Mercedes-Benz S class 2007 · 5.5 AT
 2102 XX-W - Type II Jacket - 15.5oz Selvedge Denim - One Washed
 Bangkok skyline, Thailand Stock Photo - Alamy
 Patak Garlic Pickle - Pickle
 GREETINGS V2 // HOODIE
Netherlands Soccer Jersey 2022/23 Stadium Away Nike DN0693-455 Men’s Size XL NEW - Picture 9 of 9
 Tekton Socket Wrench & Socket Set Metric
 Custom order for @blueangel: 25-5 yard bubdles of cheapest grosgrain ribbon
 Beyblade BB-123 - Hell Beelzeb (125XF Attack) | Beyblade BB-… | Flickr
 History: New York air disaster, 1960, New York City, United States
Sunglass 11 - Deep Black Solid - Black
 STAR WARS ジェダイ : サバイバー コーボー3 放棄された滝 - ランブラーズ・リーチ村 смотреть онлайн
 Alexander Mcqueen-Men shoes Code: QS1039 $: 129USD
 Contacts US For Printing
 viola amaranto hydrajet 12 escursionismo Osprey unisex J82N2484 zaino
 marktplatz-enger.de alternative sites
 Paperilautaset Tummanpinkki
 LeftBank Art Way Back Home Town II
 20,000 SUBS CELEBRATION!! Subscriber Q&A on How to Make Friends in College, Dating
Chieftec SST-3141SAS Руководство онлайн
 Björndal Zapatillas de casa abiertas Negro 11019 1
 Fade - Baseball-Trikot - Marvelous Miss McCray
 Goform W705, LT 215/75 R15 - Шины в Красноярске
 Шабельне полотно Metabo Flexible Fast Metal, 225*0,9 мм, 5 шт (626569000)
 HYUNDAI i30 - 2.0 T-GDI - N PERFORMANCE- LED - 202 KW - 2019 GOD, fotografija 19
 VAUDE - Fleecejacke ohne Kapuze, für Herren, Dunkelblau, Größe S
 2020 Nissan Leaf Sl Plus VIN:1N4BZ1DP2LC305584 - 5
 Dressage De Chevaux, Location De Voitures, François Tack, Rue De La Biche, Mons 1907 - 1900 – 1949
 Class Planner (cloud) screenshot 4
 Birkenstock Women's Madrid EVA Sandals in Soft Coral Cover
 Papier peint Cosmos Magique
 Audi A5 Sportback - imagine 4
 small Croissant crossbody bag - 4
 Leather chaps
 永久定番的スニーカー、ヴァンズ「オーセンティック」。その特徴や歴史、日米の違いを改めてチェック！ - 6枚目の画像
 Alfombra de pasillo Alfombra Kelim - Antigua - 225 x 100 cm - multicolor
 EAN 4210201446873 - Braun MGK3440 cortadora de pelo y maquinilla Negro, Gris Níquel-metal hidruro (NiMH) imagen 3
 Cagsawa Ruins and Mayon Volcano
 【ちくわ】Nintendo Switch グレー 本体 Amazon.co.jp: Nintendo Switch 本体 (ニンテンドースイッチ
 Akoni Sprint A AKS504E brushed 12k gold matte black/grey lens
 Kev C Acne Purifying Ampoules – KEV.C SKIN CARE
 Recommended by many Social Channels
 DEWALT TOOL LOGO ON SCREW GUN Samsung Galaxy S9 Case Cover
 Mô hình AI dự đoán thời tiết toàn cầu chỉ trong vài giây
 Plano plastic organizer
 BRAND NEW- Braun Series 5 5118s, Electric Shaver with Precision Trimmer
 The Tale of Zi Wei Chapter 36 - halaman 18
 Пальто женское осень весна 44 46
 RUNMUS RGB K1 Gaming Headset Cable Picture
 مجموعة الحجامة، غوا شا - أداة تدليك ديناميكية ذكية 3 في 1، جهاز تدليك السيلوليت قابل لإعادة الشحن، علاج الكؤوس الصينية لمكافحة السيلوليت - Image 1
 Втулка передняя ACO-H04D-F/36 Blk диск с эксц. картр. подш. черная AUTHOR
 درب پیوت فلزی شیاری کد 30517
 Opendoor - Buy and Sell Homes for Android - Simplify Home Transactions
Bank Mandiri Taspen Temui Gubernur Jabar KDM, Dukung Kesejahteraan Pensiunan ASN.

__________

- [EXERCISE REQUIREMENTS]
Please copy every line of the records above in which "онлайн" appears.

- [RESPONSE BOX]
 STAR WARS ジェダイ : サバイバー コーボー3 放棄された滝 - ランブラーズ・リーチ村 смотреть онлайн
Chieftec SST-3141SAS Руководство онлайн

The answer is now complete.